Ecco come si presenta oggi l'area dell'ex laghetto rosso del Puppaio, nella miniera di Rio Albano, dopo la cancellazione (bonifica la chiamino altri), oltre un anno fa: un anonimo spiazzo desertico, buono solo per organizzarci un rodeo (se fossimo in Texas). Oltretutto ai lati le ruspe hanno spazzato via per sempre interessanti formazioni geologiche, resti degli scavi minerari, che davano al paesaggio colorazioni dal verdastro al turchino. Un angolo da cartolina, fotografatissimo dai turisti.
Se poi la volessimo chiamare bonifica, ci sarebbe da chiedersi perché il rottame di un'asfaltatrice continui a giacere lì abbandonato.

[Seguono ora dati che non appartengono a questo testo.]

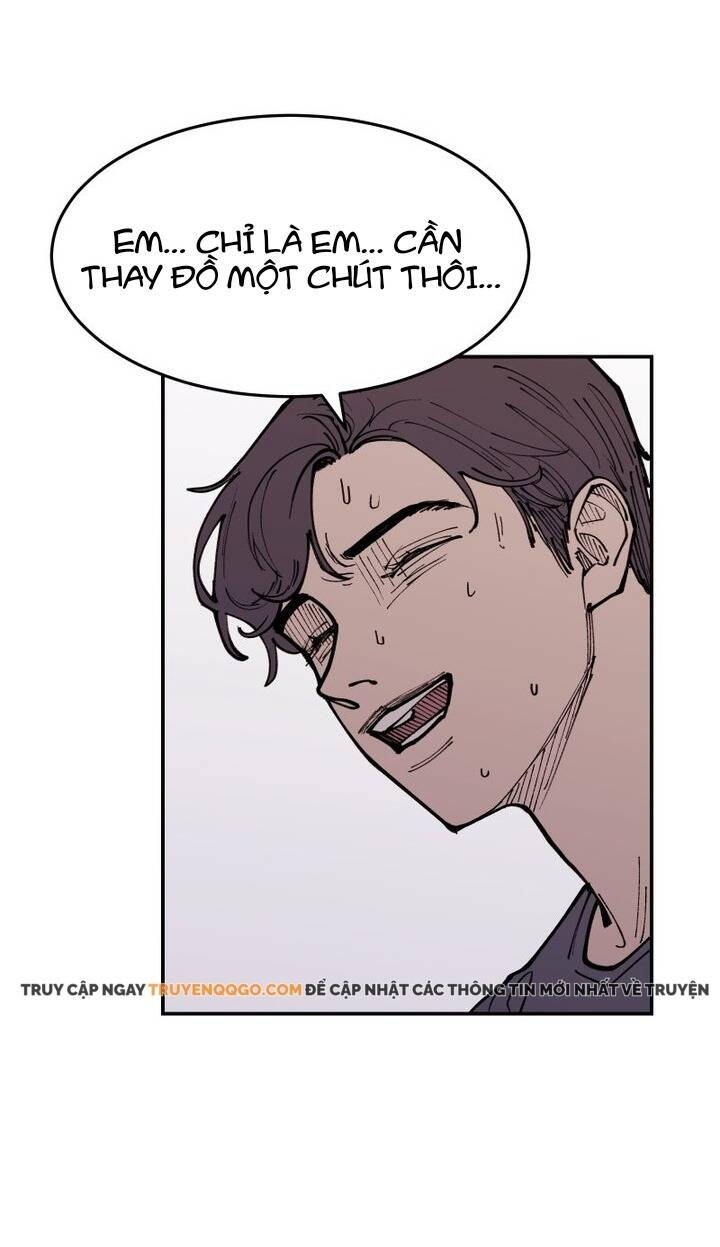 Vampire Family: Chapter 24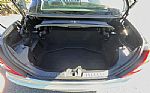 2007 Benz Slk280 Convertible Thumbnail 47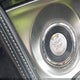 1N4AA6AP8JC368674 2018 Nissan Maxima 3.5 Platinum auction photo thumbnail 17
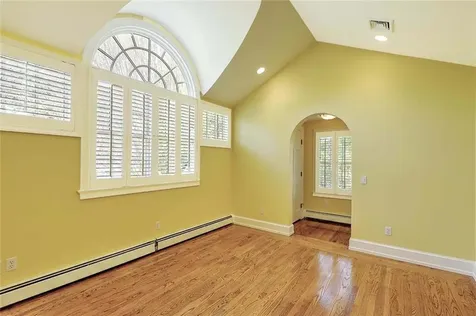 750 Elmgrove Avenue Providence RI 02906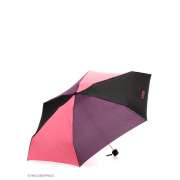 Зонт Isotoner 1530791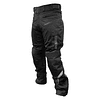Pantalon moto armad gear air-pro maxdura verano
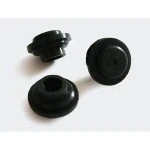 Aoyue 3024x coberta tub filtre compatible amb Aoyue 474, 701 i 2702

Ma il problema è la vera bonifica che andrebbe fatta. A poche decine di metri si trova una conca in cui si apre un altro laghetto. O meglio quella che da decenni è l'unica discarica a cielo aperto dell'isola che continua a mostrarsi nella sua bruttura. Anche con rifiuti speciali, come scaldabagni e pneumatici. Pure con scene da film horror, tipo una bambola assassina (dell'ambiente). E un mare di plastica, di almeno trent'anni (essendo la discarica degli anni '80), eppure dall'aria di chi vuole passarne qualche altro migliaio prima del fine vita. Addirittura le bottiglie a mollo ci stanno tanto bene da creare un golfo di plastica, in un bel brodo di liquami di acqua stagnante.
Quindi, questo sì un paesaggio da cartolina da salvare, mica un comunissimo laghetto rosso.